You can find beauty in the oddest of places.
WSL9x runs a modern Linux kernel (6.19 at time of writing) cooperatively inside the Windows 9x kernel, enabling users to take advantage of the full suite of capabilities of both operating systems at the same time, including paging, memory protection, and pre-emptive scheduling. Run all your favourite applications side by side – no rebooting required!
↫ Hailey Somerville
Yes, this is exactly what it sounds like. Hailey Somerville basically recreated the first version of WSL – or coLinux, for the old people among us – but instead of running on Windows NT, it runs on Windows 9x. A VxD driver loads a patched Linux kernel using DOS interrupts, and this Linux kernel calls Windows 9x kernel APIs instead of POSIX APIs. A small DOS client application then allows the Linux kernel to use MS-DOS prompts as TTYs. This is a great oversimplification, but it does get the general gist across.
Anyway, the end result is that you can use a modern Linux kernel and Windows 9x at the same time, without virtualising or dual-booting. This might be one of the greatest hacks in recent times, and I find it oddly beautiful in its user-facing simplicity.

I’d make it my daily driver with Windows ME on it!
Or DOS : https://github.com/haileys/doslinux
Great example of something that looks beautiful from the outside and ugly underneath. Using GPF as an interrupt handler is genius. And the 16 bit TTY is both amazing and an insult to both architectures.
It would be interesting to use podman to run a container for a different Linux distro to get a ‘fastfetch’ from Ubuntu or Fedora (for example). He is using UML though so it is possible that podman would not work. If it did work, a distrobox would be fun.
To me – a person with almost no understanding about how these things work – this all seems like magic.
Always thought coLinux is pretty interesting.
It’s a nice touch to have the DOS prompts talk to the Linux kernel as terminals.
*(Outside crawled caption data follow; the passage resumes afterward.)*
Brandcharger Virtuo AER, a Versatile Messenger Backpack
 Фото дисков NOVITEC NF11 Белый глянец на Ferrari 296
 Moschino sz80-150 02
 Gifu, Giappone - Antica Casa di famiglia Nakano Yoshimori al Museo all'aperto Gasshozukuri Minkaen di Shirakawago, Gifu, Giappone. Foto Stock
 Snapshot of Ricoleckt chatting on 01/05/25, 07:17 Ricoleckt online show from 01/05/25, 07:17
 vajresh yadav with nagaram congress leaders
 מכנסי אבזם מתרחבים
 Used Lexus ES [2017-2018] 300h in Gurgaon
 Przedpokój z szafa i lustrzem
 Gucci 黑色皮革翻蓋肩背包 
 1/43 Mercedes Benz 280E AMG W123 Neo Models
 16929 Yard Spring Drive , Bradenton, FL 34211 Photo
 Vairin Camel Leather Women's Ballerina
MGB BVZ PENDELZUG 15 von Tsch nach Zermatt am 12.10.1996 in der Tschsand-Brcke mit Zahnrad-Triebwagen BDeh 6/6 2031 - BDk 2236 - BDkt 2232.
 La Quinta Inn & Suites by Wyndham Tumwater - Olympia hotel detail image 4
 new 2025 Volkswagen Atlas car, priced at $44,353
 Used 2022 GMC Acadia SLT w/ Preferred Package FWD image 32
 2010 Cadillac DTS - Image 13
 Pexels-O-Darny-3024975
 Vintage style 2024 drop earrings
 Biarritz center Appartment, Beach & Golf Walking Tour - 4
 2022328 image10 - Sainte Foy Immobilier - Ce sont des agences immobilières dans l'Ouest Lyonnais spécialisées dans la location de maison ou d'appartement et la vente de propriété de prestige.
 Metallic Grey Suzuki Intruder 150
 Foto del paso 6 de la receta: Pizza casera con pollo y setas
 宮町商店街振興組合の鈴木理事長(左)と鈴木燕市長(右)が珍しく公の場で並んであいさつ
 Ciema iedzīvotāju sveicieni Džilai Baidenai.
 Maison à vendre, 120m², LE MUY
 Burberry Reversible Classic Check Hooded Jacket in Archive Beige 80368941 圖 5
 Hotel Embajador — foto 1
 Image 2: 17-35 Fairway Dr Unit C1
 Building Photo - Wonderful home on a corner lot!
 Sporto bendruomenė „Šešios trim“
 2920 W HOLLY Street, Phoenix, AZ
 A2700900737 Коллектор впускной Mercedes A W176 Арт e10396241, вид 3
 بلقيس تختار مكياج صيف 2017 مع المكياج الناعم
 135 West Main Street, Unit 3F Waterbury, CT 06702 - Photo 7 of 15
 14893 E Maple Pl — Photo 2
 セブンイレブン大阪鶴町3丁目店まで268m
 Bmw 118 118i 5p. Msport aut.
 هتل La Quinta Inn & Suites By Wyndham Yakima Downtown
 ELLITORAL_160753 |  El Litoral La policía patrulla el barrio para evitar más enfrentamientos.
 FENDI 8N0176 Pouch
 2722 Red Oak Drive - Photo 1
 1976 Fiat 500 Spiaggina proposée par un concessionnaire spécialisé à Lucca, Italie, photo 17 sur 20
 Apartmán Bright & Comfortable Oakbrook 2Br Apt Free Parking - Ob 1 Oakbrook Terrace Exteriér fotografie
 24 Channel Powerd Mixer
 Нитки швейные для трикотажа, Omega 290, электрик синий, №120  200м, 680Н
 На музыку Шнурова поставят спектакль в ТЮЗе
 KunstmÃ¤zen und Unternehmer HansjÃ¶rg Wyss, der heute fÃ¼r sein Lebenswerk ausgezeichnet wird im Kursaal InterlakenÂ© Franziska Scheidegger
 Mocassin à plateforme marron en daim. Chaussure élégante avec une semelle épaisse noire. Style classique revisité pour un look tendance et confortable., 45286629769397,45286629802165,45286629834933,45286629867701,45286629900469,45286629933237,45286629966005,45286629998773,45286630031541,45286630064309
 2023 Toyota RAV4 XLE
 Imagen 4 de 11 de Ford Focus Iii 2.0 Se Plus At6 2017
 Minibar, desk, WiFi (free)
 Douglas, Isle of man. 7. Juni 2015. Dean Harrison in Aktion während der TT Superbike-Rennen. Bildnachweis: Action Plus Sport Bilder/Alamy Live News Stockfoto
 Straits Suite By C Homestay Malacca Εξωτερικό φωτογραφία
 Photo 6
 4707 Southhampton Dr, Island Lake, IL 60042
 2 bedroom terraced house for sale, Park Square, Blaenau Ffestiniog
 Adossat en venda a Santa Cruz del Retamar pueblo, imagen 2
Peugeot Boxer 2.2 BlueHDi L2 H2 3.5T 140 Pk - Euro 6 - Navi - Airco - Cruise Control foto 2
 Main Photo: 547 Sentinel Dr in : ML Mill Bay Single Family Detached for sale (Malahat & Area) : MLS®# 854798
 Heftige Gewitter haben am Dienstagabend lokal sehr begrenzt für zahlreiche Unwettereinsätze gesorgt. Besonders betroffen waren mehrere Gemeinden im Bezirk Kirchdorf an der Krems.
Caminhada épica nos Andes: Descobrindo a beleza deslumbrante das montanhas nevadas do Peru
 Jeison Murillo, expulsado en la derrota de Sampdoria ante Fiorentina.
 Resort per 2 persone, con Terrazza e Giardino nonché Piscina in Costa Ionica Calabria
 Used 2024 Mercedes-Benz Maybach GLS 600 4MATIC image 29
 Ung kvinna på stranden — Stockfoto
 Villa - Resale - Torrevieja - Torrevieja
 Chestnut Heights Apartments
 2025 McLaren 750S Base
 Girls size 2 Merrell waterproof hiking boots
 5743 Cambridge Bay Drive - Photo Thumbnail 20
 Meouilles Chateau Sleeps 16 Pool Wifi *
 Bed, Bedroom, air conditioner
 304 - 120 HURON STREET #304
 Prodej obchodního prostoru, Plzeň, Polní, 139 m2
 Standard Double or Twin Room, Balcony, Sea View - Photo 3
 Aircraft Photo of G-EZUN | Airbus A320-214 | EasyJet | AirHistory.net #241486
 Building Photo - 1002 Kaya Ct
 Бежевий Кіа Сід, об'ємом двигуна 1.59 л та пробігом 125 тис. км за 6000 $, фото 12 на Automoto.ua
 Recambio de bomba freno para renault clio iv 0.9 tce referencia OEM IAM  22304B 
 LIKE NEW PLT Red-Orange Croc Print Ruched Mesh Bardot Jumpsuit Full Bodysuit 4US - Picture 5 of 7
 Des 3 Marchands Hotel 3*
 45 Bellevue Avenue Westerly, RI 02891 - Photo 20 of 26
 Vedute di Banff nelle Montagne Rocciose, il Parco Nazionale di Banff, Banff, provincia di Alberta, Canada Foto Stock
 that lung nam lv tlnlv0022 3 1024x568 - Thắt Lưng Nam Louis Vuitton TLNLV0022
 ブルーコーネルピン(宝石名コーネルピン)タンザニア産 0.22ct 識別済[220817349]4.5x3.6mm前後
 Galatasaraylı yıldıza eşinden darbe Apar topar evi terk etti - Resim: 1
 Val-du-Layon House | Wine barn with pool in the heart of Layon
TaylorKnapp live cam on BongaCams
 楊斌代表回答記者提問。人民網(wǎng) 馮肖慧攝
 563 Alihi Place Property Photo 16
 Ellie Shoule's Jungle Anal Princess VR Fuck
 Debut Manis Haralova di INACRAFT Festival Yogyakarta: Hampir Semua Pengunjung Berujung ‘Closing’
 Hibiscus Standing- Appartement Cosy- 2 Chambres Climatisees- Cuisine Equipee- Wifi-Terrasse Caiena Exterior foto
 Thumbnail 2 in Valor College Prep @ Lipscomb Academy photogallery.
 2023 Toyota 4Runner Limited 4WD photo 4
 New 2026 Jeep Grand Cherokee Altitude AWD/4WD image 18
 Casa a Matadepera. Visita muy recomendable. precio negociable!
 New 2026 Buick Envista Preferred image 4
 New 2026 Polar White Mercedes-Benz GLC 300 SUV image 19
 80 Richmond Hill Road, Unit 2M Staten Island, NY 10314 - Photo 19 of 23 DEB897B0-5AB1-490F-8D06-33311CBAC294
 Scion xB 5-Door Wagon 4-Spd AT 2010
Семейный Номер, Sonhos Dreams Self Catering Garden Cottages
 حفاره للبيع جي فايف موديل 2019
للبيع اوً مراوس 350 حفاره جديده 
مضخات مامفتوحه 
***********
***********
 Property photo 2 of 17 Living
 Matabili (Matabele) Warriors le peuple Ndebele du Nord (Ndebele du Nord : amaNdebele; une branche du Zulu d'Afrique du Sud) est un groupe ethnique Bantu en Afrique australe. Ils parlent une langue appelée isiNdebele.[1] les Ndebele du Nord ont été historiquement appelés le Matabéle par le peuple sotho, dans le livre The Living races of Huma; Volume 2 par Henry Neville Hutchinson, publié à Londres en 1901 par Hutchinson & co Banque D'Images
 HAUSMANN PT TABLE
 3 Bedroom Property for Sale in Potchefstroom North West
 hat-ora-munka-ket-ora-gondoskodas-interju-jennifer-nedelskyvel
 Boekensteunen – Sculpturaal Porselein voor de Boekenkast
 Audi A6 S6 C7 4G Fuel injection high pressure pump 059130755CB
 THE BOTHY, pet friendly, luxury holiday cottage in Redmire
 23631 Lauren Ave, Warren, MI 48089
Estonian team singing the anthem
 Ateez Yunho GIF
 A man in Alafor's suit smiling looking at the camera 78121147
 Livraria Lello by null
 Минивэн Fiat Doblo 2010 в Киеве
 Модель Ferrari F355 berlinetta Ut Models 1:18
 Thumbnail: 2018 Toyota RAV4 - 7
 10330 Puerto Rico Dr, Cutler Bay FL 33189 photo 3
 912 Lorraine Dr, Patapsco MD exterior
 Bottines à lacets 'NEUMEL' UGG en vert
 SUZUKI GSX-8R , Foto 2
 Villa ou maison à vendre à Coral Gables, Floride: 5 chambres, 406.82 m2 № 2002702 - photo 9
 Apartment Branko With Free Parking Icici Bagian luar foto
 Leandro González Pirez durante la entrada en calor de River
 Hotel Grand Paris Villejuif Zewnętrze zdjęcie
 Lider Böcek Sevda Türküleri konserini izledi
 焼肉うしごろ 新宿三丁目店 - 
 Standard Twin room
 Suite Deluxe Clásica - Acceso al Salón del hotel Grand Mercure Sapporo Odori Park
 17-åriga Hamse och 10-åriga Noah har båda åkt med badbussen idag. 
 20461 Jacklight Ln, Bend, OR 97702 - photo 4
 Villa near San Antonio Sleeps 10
PS a small mistake: “and this Linux kernel calls Windows 9x kernel APIs instead of POSIX APIs” a normal Linux kernel doesn’t talk to a POSIX API, the POSIX API is what the user space programs would call, but I saw in the article it said it’s based on user mode Linux, I don’t know if coLinux was too.
Counting the days until I can run Steam and Proton on a Windows 98 box.
This is completely useless and why break Windows this way? It’s bad enough that Windows 10/11 are more “Linux like” than ever.
A better use of time and effort would have been to allow the Win 9x kernel and userland run from Linux natively without the need for emulation/virtualization. Allowing Windows 9x to boot and run on modern hardware so that we can run our favorite Win9x applications.
***It’s bad enough that Windows 10/11 are more “Linux like” than ever.***
I’m sorry, but that will need some elaboration for me, because I am not seeing it. What about Windows 11 is Linux-like?
Been using Linux since 2000 and Windows (even longer) for work. Windows still feels distinctly Windows for me.
Might be a reference to how Powershell finally makes the Windows CLI useful and fully scriptable?
For what it’s worth, Interix predates coLinux by almost a decade. http://wikipedia.org/wiki/Interix
And Cygwin & MKS Toolkit predate Interix 😛
So I can run Win 9X program under linux?
RemusRM,
No, microsoft’s tradition is to name their subsystems backwards and the author mimicked that tradition. So to normal people this is actually a linux subsystem for win95.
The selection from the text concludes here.